Percakapan itu, masih terekam, yang terjadi pagi itu juga masih terbayang. Hari ini, entah kenapa aku teringat Mbahku, perempuan yang meninggal 14 tahun lalu.

Benar saja, satu bulan setelah masuk TK aku bisa berjalan! Dengan teman-teman yang berjajar disamping kiri kanan, dan aku berjalan bolak balik dari ujung ke ujung. Disana sudah ada guru yang memantiku menghampirinya. Teman-teman bertepuk tangan, dan aku semakin semangat berjalan.

Di rumah tak jauh beda, yang bertepuk tangan adalah mbahku dan paklik bulikku, yang berada di ujung kanan dan kiri adalah ayah dan ibuku. Aku dan adikku Faisal berlomba berjalan. Ya, aku berumur empat tahun dan adikku kurang dari setahun, Allah menakdirkan kami bisa berjalan dalam waktu bersamaan. Siapa yang sangka? Orang tua mana yang tak bahagia?

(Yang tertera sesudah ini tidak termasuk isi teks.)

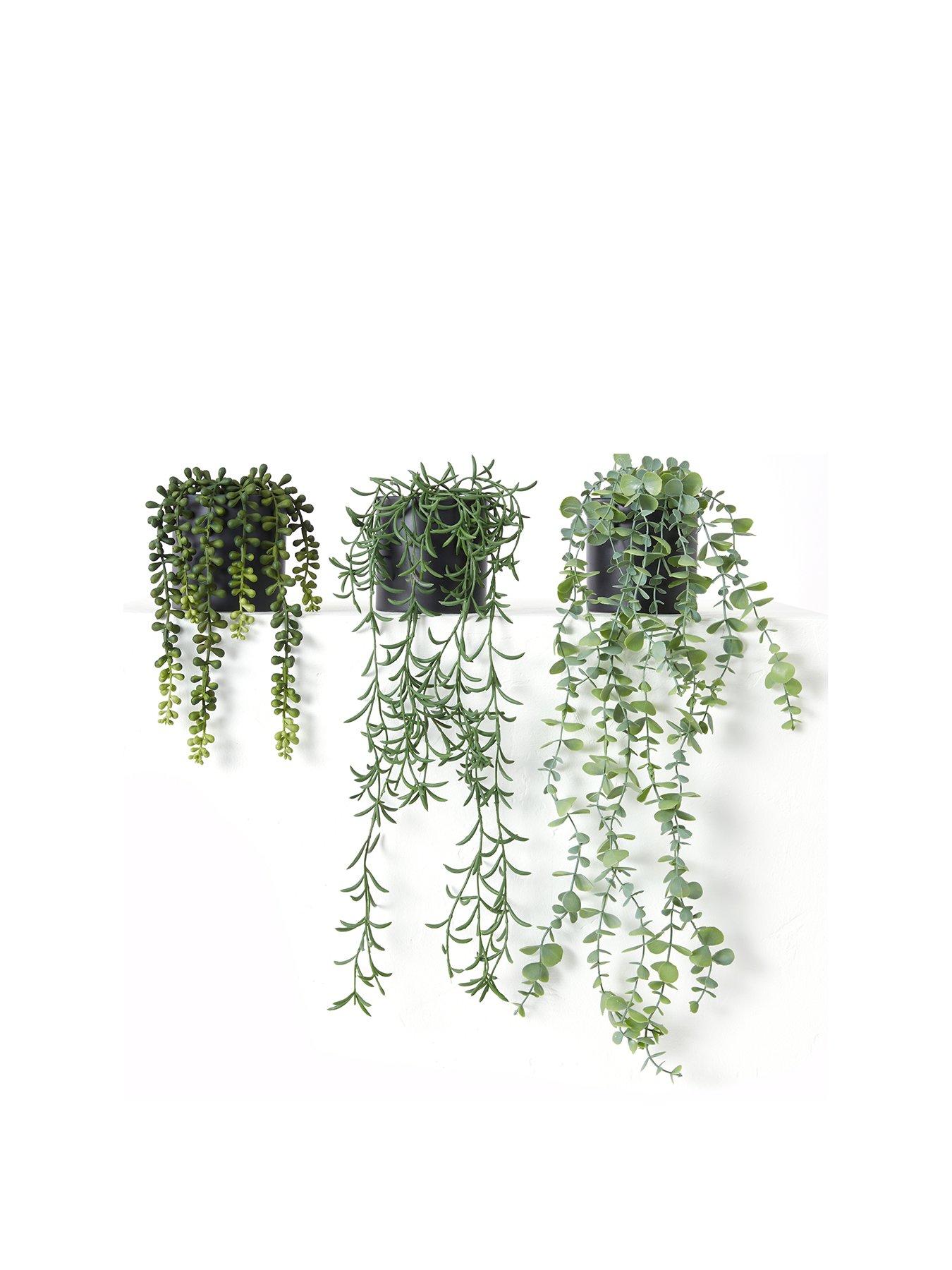Image 2 of 7 of The Very Collection Set Of 3 Trailing Faux Plants In Black Ceramic Pots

Aku tak tahu ada apa dengan kakiku, yang kutahu, jalanku tak seperti kalian. Bukan, aku bukan terkena polio, aku juga bukan mengidap penyakit tulang. Besar kakiku sama, panjangnya pun sama. Lalu kenapa? Wallahu’alam.

Jika kalian bisa sekolah dengan bahagia dan tenang, aku pun begitu. Tapi, aku hanya harus berusaha sekuat tenaga membangun kepercayaan diriku. Tentu saja dengan cara berjalan seperti ini banyak mata melihatku. Sejak kecil aku terbiasa dengan itu. Jika mereka menatapku keheranan aku membalasnya dengan senyuman. Tak ada yang mengajariku begitu, itu caraku menutupi malu.

Jujur, tak banyak yang tahu, bahkan keluargaku, bahwa aku pernah merasa malu. Bahwa aku pernah diejek teman-temanku.
“Helah bocah dingklang”
“Ssttt, ada Mbak Rizza, ngesakne yo”
“He, ojo disawang, marai ketularan!”


Haha, itulah yang kudengar dari teman-teman SD dulu. Aku diam saja, aku bisa apa? Toh memang begitu kenyataannya kan? Sedih? Iya. Menangis? Nggak. Nggak di depan mereka, tapi iya, di depan boneka boneka, di malam hari, di kamarku sendiri. “Kenapa aku begini?, kenapa harus aku? Apakah aku akan selamanya seperti ini?”

Saat SD dulu, aku selalu berdoa sebelum tidur, semoga saat aku bangun nanti, terjadi keajaiban ditubuhku. Ya, seperti film Sailor Moon dan Barbie yang sering kutonton, bisa berubah menjadi apa saja. Nyatanya aku masih sama seperti saat aku berangkat tidur. Aku lupa, bahwa itu hanya film.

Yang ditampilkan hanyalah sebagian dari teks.